One such group, the new angiotensin receptor antagonists, is relatively expensive. Short-term clinical trials suggest that valsartan, for example, is of similar efficacy to thiazide diuretics, calcium channel blockers and ACE inhibitors. However, only diuretics and beta blockers have ever been proven to reduce cardiovascular morbidity and mortality. Diuretics and beta blockers therefore remain a rational first-line choice for the majority of hypertensive patients.

However, there are examples of expensive drugs where evidence of effectiveness exists. These include inhaled anti-inflammatory drugs which improve morbidity in asthma and ACE inhibitors which decrease morbidity and mortality in heart failure and delay the progression of diabetic nephropathy. The benefits in terms of morbidity and mortality are likely to justify their increased costs over existing treatments.

Patient's perspective
For ethical and practical reasons, it is important to take account of patients' views on their treatment. Facilitating informed choice is part of good prescribing, and is likely to improve compliance. However, complying indiscriminately with patient choice is often cited as a characteristic of poor prescribing. An example includes prescribing antibiotics for uncomplicated upper respiratory tract infections in response to perceived patient demand. Controversy exists over the prescribing of antibiotics in sore throats because they have little effect on morbidity, are associated with adverse effects and encourage increased general practitioner visits. Nevertheless, new expensive antibiotics are often heavily marketed to general practitioners for these indications.
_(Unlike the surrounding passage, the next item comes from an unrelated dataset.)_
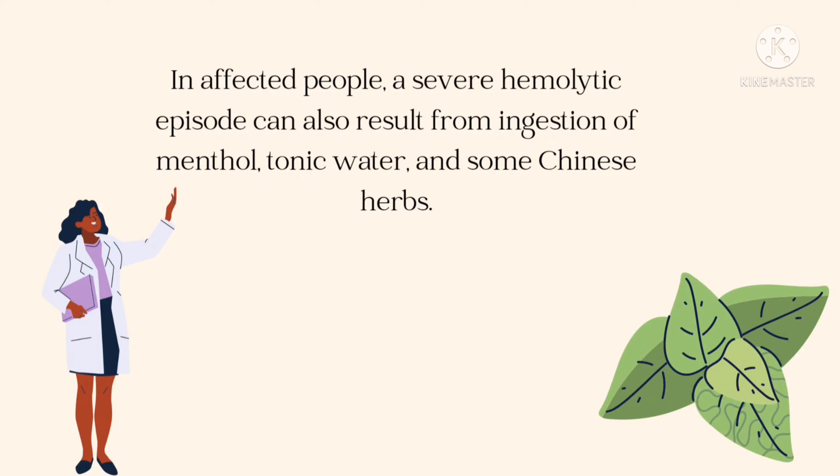For some people affected by this condition, severe hemolytic episodes may also result from ingestion of menthol, tonic water, and some Chinese herbs.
Promoting cost-effective prescribing
Australia and Canada have developed guidelines for the economic evaluation of new pharmaceuticals. In the U.K., general practitioners hold either fund holding or indicative prescribing budgets, although these schemes tend to emphasise cost-containment rather than cost-effectiveness. Feedback prescription data are provided to Australian general practitioners to help them assess their prescribing. Evidence about good prescribing needs to be effectively disseminated11; unfortunately, in Australia, cost-effectiveness data are not open to public scrutiny.12

Some authors favour a probation period for newly licensed drugs until they have been shown to be at least as effective and safe as existing alternatives.13 Randomised controlled trials in primary care would establish cost-effectiveness in the situations in which these drugs are actually used. The true costs and consequences of drug administration and adverse effects would be revealed.

New alternatives to existing treatments should be used only if these bring additional benefits commensurate with their cost. Doctors have a duty to prevent patients being unnecessarily exposed to medicines where the extent of effectiveness and risk in general use are not known.


I am grateful to Dr J.S. Dowden and Professor J. Marley for advice on drug utilisation in Australia.